She woke up depressed,
Depressed because it was her birthday
And depressed because of the state of our country.

She struggled to get off the couch that morning
Struggled to get dressed
And struggled to go to the grocery store
To buy her own birthday dinner.

As she was checking out,
The cashier told her excitedly,
That she was the lucky winner of ten pound ham.

Now Annie is almost a vegetarian
And was again depressed at the idea
Of having won what she considered
To be a ten pound pink eraser.

As she went out to her car,
She was so lost in thought and depression
That she ran her grocery cart into an old beat up car,
Which was driving out of a parking place.

When Annie looked up,
She realized that the driver was an old friend,
Who looked terrible,
And who was obviously down her luck.

The driver looked at Annie and burst into tears.
She told Annie how her gas gauge was on empty,
And that she had never asked a friend for help before.
However, she had no money to buy gas
And only a few canned goods left in her pantry with which to feed her children.
Annie thrust a handful of bills into her friend’s hand
Told her that it was a gift for her
Because Annie was celebrating her birthday.

She then had the presence of mind to ask her friend
If she and her family liked ham.
Her friend looked wistful
And said that they loved ham,
But could never afford it.

Annie lifted the ten pound pink eraser
Into her friend’s car.
Her friend lovingly put the ham onto the seat next to her,
And looked as if she were going to put a seatbelt around it.

As Annie pulled out of the parking lot,
She thought about pools of rain in the desert,
And the life that springs up in them.

When God gives a ham to a vegetarian,
God obviously has a Plan B.

Or as Annie put, it was truly a ham of God!

In our Old Testament lesson today,
The prophet Elijah must have felt as if God
Had a lot of Plan B’s

Elijah had been off minding his own business,
When God sent him to inform evil King Ahab
That because of the sinfulness of worshipping his wife’s god Baal,
God was going to bring a drought into the land.

These prophecies caused Ahab and Jezebel to attempt to kill Elijah.

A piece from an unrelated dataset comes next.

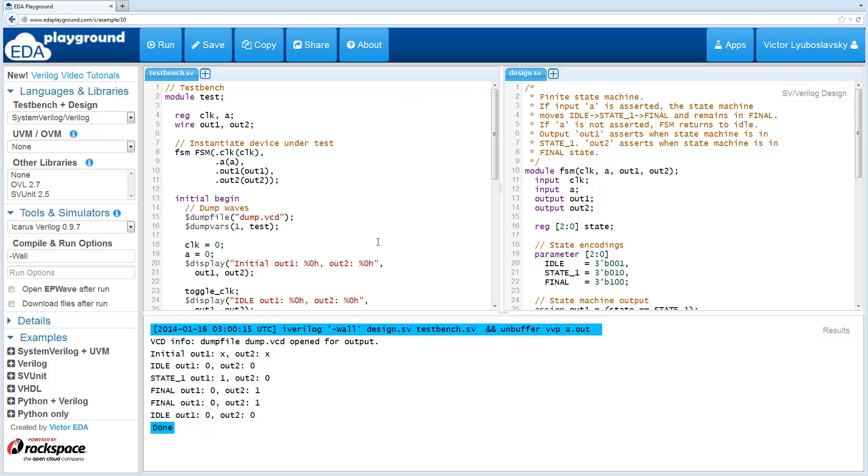Today I wanted to talk about downloading files from EDA Playground. I'm going to talk about both downloading the code and then downloading any result files.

In another of these Plan B’s,
God spirits Elijah off into the desert,
Plunks him down by a wadi, flowing with water
And commands the ravens to bring him food.

When the wadi runs dry,
God tells Elijah not to worry,
God will take care of him.
God is going to send him to a foreign country,
To Sidon,
Where God has commanded a widow to feed him.

Now if I were Elijah,
I might have asked,
God, whatever are you thinking?

You are going to take care of me by sending me to a foreign country?
Don’t you realize that Sidon is Queen Jezebel’s home country,
The same Queen Jezebel who wants to kill me?

And then you are going to ask a widow to feed and house me.

God, have you never heard,
That widows, are pretty down on their luck themselves?
They can’t own property,
And they depend on the largess of relatives
To eat and have a place to sleep.
During a drought,
Their relatives are surely
Not going to be giving them very much. 

God, do you have a Plan C?

But even if he had doubts,
Elijah got up and trudged to the town of Zarephath,
In the country of Sidon.

Sure enough, as soon as Elijah crossed the town line,
There was a widow gathering sticks.

And Elijah, a gruff old coot, if there ever was one,
Commands the widow to give him a drink of water.
No pleasantries, no “if I could bother you”,
And not even a “please”,
Just a command  “Bring me some water in a cup.”!

As she dutifully turns to get the water,
Demanding Elijah continues
“Bring me a biscuit, too!”

That’s when the widow loses it.
“As the Lord your God lives,
My pantry shelves are bare.
I have enough oil and flour only to make a biscuit or two.”
“That’s why I’m gathering wood.
I’m going to make a few small biscuits,
Which my son and I are planning to eat as our last meal.
After that we will surely die.”

Then Elijah gives the widow the famous Biblical “fear not”!

This is what is always said in the Bible,
When God is giving a Plan B,
And the person receiving the details of Plan B
Has logical reason to be scared out of his or her wits.

Elijah tells the widow,
Just make me a biscuit out of  your meager supplies,
And your son and you will be able to eat later,
Because the Lord will keep your jar supplied with flour
And your jug supplied with oil,
As long as the drought lasts.

Now imagine what is going through the widow’s head
Here is this curmudgeon of a stranger
Ordering me to feed him with my last supplies.

He claims that his God
Will take care of me,
By making sure that I don’t run out of flour and oil.

Do I believe this guy??
Do I have enough faith??
Do I give away my very last food?
Or do I save it for my son, my only son,
Whom I love. 

For whatever reason,
Whether she believed Elijah,
Or she had heard God’s command earlier,
Or she figured she and her son were as good as dead anyway,
The widow went ahead and fed Elijah her last food.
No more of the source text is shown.